Em determinado processo, o réu, a quem havia sido deferido o benefício da gratuidade de justiça, a todo o tempo exerceu abusivamente o seu direito de defesa, alterando a verdade dos fatos e provocando incidentes manifestamente infundados. Proferida a sentença de mérito, o juiz da causa julgou procedente o pleito autoral, além de reconhecer o cometimento daquelas condutas processuais ilícitas pelo demandado. Nesse cenário, deverá o magistrado:
- A)condenar o réu ao pagamento das custas processuais e dos honorários de sucumbência, isentando-o do pagamento da multa decorrente da litigância de má-fé;
Errada, porque o réu também pode ser condenado em custas e honorários, e a gratuidade não afasta a multa por litigância de má-fé.
- B)isentar o réu do pagamento das custas processuais e dos honorários de sucumbência, condenando-o ao pagamento da multa decorrente da litigância de má-fé;
Errada, porque a gratuidade não isenta o beneficiário das custas e honorários de sucumbência; apenas suspende a exigibilidade, e a multa por má-fé continua devida.
- C)isentar o réu do pagamento das custas processuais, dos honorários de sucumbência e da multa decorrente da litigância de má-fé;
Errada, porque a gratuidade não elimina a multa por litigância de má-fé nem afasta a condenação em sucumbência.

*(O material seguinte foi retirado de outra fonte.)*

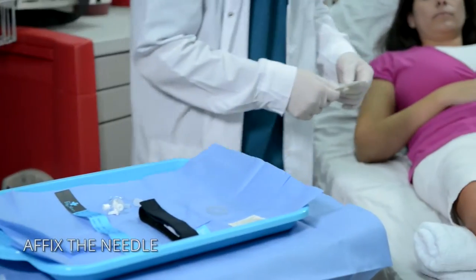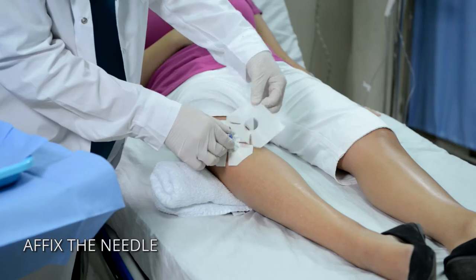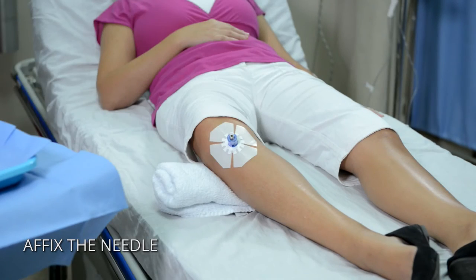After insertion, utilize the NEO fixation to immediately affix the needle stabilizer to the insertion site. Use the I.O. drill adapter when applicable.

- D)condenar o réu ao pagamento das custas processuais, dos honorários de sucumbência e da multa decorrente da litigância de má-fé, devendo as três obrigações ficar sob condição suspensiva de exigibilidade;
Errada, porque a multa por má-fé não fica sob condição suspensiva de exigibilidade; a suspensão alcança custas e honorários, não a penalidade processual.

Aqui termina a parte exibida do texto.